Głowa robi swoje, będzie gadała. Patrz na to, czyje to gadanie. Ja osobiście, kiedy pierwszy raz wpadłam na prawo przyciągania i Sekret i wszystkie te szmery bajery, miałam silne działanie głowy. Skupiałam się wtedy na tym cichym głosie, który mówił mi, że jednak coś w tym jest. W nim znalazłam prowadzenie swojej intuicji. Uściski! H.
Dzięki wielkie.. Jakoś ruszyłam dalej.. Wysłałam na urlop drania.. :D
Wysłuchałam raz i już wiem, że muszę wysłuchać jeszcze z dwa razy. Bo podczas słuchania przyszło coś do mnie i już na niczym innym nie mogłam się skupić.
U mnie brak zaufania jest jakoś tak powiązany z lękami i brakiem bezpieczeństwa.

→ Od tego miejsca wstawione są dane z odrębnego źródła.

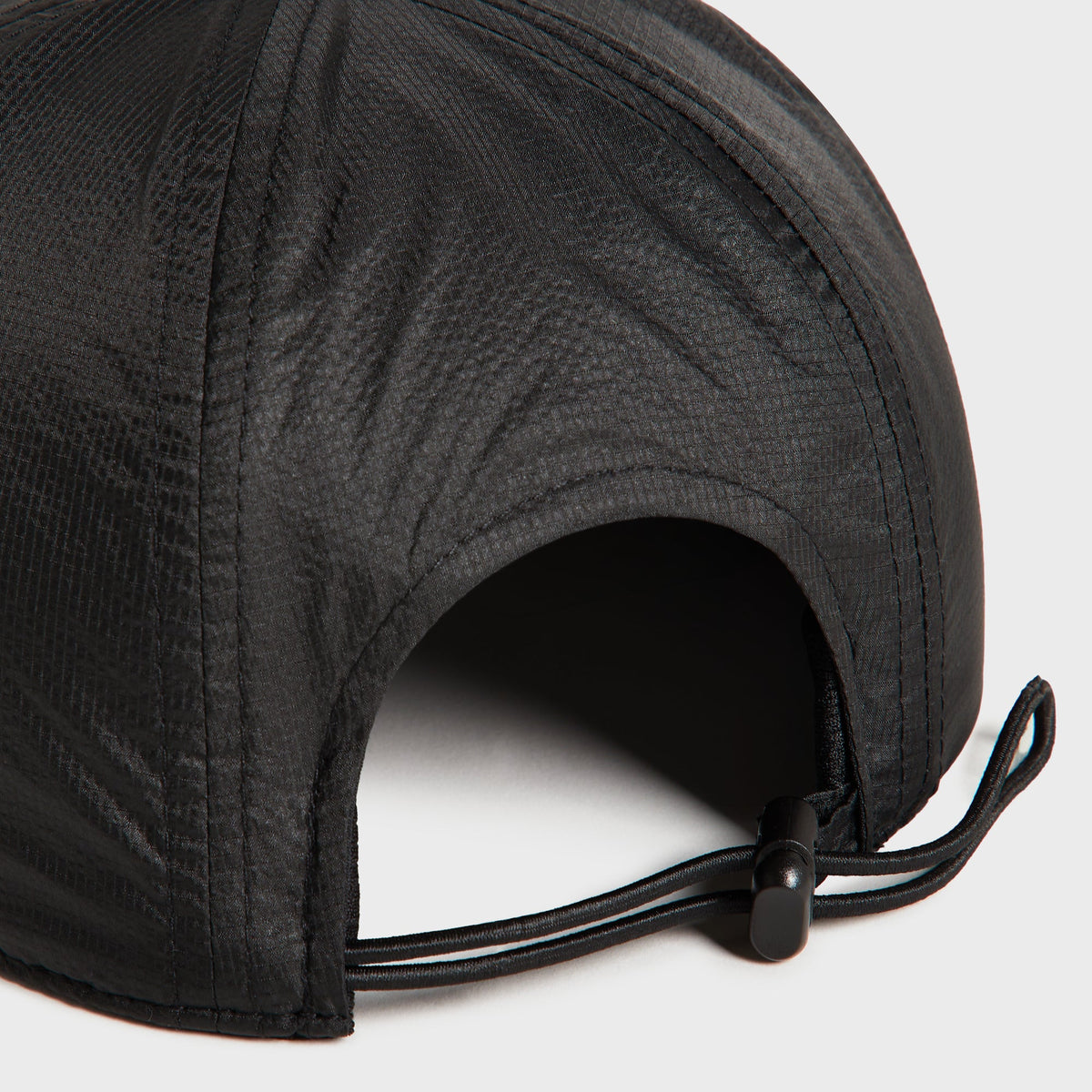 Close-up of the rear toggle cord adjuster on the Kith Nylon Ripstop Marathon Cap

Otóż boję się, że wykreuję to czego najbardziej się boję. Już ostatnio pisałam, że trochę mam na to lekarstwo – na lęki (ktore jak się pojawiają to mam wrażenie, że je przyciagam po to by stawić im czoła i sprawdzić się czy podołam, udowodnić coś komuś, sobie, nie wiem)- kiedy przychodzą staram się to sobie uświadomić i poczuć opiekę wyższej istoty a tym samym zamienić strach w miłość, albo totalnie odwrócić myśli w inną stronę.
Może wpływ na te lęki ma to, że urodziłam się w 6 miesiącu ciąży i przez 2 miesiące leżałam sama w szpitalu w inkubatorze ( musiałam dojść do normalnej wagi z 1kg). Mama zawsze powtarzała, że byłam jej najgrzeczniejszym dzieckiem, bo zasypiałam sama w łóżeczku i nigdy nie płakałam – może w tych pierwszych dniach życia nauczyłam się , że mój płacz nic nie daje. Do tego nigdy nie byłam karmiona piersią… i może był tu duży deficyt miłości w tym czasie. Dodatkowo przez to mogę mam faktycznie problem z pierwszą i drugą czakrą podstawy..i pracuję nad tym.
Pisałam tu o wielu rzeczach, ale teraz jakoś tak dziwnie trochę mi wstyd przyznać się do moich lęków … Biegam, czasem wiele km i w takich sytuacjach pojawia mi się , że mogę być napadnięta i zgwałcona. Dziś zrozumiałam, że ten lek jest też w innych aspektach – np. mam biuro podróży, normalnie mogłabym podróżować sama w wiele miejsc (gdyby nie obecna sytuacja), ale też jakby nie idzie mi nauka angielskiego (chociaż uczę się go po kilka godzin dziennie od dawna) na wypadek , żebym nie musiała sama jechać – no bo bezpieczniej z mężem ,koleżanką czy kimkolwiek….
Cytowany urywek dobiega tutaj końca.